If we see increases much larger than that or something unexpected happens then all bets are off, but at that sort of rate it'll be chipset/peripheral connectivity etc that will become an issue for a lot of people before raw CPU performance.
7x faster for people that don't need that level of performance? They still won't care.
Give us something really different. I've been really excited by the prospects of 3D XPoint because of the potential. If they can advance that tech in the future, this is what should happen.
Super fast DRAM with small capacity acting as sort of a cache + 3D XPoint Gen xx acting as general RAM and Storage replacement.
Software taking FULL advantage of the new memory hierarchy.
-Instant boot computers. No more worrying about sleep modes, because full boot is near instant
-Instant loading of applications and files
-Instant management applications(like virus scanning)
-Games with massive worlds and textures with no loading times
No more constant moving data between RAM and storage would probably save significant power as well.
In fact, this is what the Intel patent that was related to XPoint and future talks about. Now THAT is a computer worth replacing. Not some minutely faster CPUs that we don't need.
XPoint DIMMs seem already a revolutionary technology considering they are expecting 60% of DRAM bandwidth per channel.

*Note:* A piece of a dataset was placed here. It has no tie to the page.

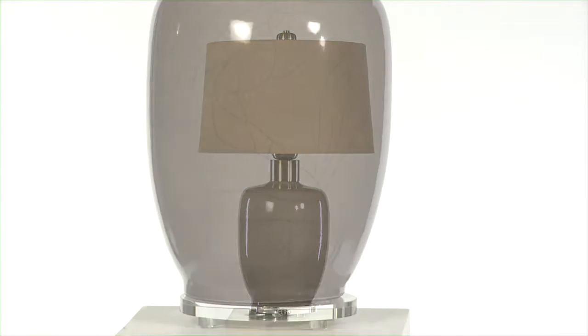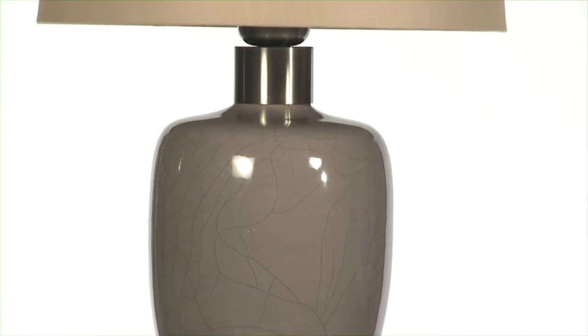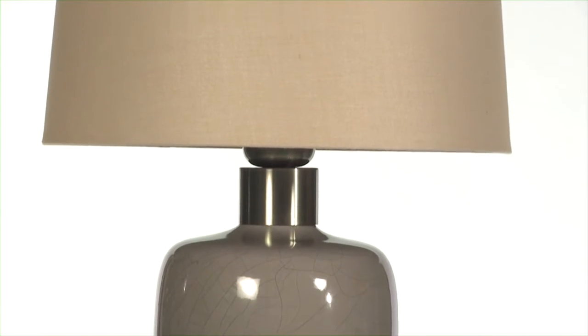This charming ceramic base is finished in a gray glaze accented with brushed nickel plate details and a clear crystal base. And because this is a fired glaze, every Ovidius lamp will be unique. I think that handmade feeling makes it very special.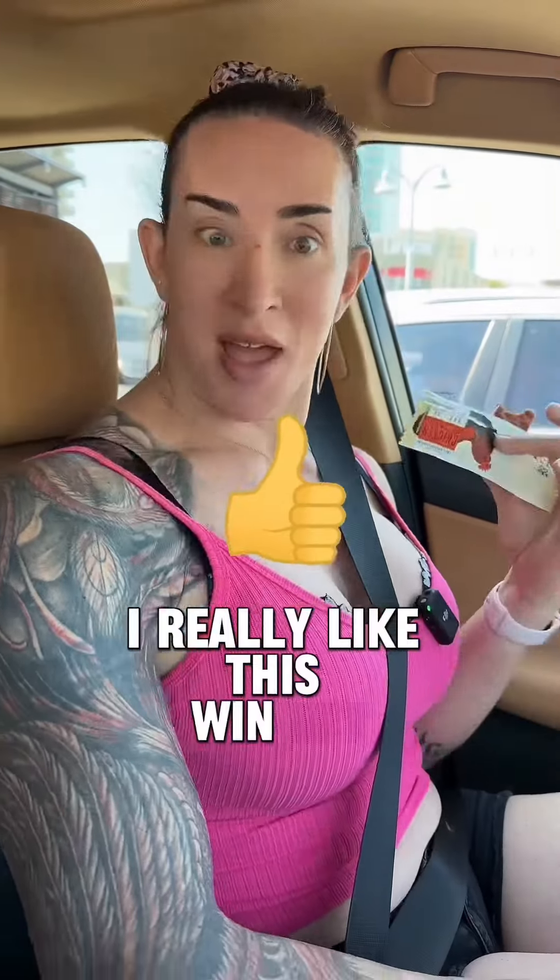This is great for ketogenic nutrition. Even if you have carbohydrates, the fat content is so low — you can add carbs to the side of this and you'd be fine. This is a quick grab and go. I really like this. Win.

Here it shows that XPoint DIMMs to be having 6GB/s bandwidth per DIMM, and DRAM to be 10GB/s bandwidth per DIMM:
http://www.kitguru.net/components/m...nt-ssds-will-feature-up-to-6gbs-of-bandwidth/
While the author misunderstands the XPoint 6GB/s bandwidth to be theoretical bandwidth, Intel's slide shows it's probably based on Stream. On Stream the 8 DDR4 2133 memory channels of the 2x Xeon E5 v3 achieves about 95GB/s, or about 12GB/s per channel. XPoint being half that is quite impressive, with dual socket Xeon E5 Skylake that would come out to be 72GB/s(6 channel/CPU x 2 x 6GB/s).
http://www.anandtech.com/show/8423/intel-xeon-e5-version-3-up-to-18-haswell-ep-cores-/11
Regards to latency the DDR4 2133 DIMM is at 80-90ns, which is very close to the ~100ns figure Intel quotes. And think of in that same slide in KitGuru article where XPoint is at 250ns. That's quite amazing. Consider how Skylake is at 80ns.